# Copper Head Gasket ~vs~ Stock



## Hangingfor8 (Oct 3, 2009)

Does a copper head gasket offer more benifits than the stock head gasket?


----------



## Hangingfor8 (Oct 3, 2009)

Anyone?


----------



## phreebsd (Dec 16, 2004)

research says that copper gaskets are used when an extra measure of sealing is needed or the machine has a high compression ratio.


----------



## MTImodquad (Jan 2, 2009)

We use stock head gaskets with a few coats of copper coat on them. It has worked well for us at 12:, 13:1 & 14:1 on our E-85 bikes. You can get a spray can of copper coat at any auto zone, advanced auto or O'riely's.


----------



## phreebsd (Dec 16, 2004)

Nice.
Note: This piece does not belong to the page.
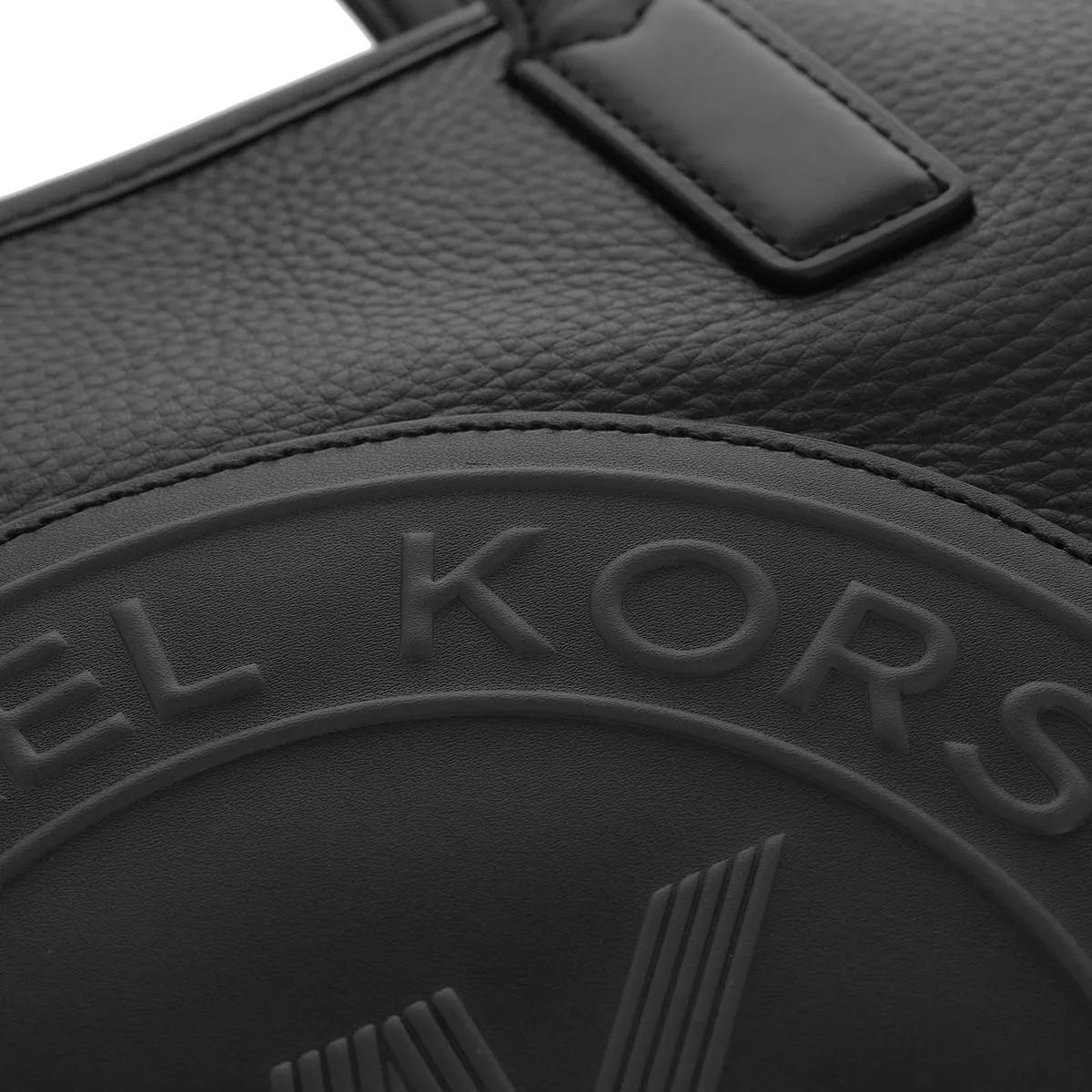 MICHAEL KORS Handtaschen schwarz Shopper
I'll be using some of that on mine.


----------



## MTImodquad (Jan 2, 2009)

It works great!! What I do is an hour before I am going to use the gasket give it a good coat on each side, let it dry for 20 min coat it again, another 20 and give it a third coat. two or three coats is good.


----------



## phreebsd (Dec 16, 2004)

there was a guy on the forum here having mucho problems with head gaskets and noone mentioned this stuff. 
I wonder if this would help him out? Sounds like its exactly what he needs.


----------



## MTImodquad (Jan 2, 2009)

I would bet that it will help for sure! It really is great stuff.


----------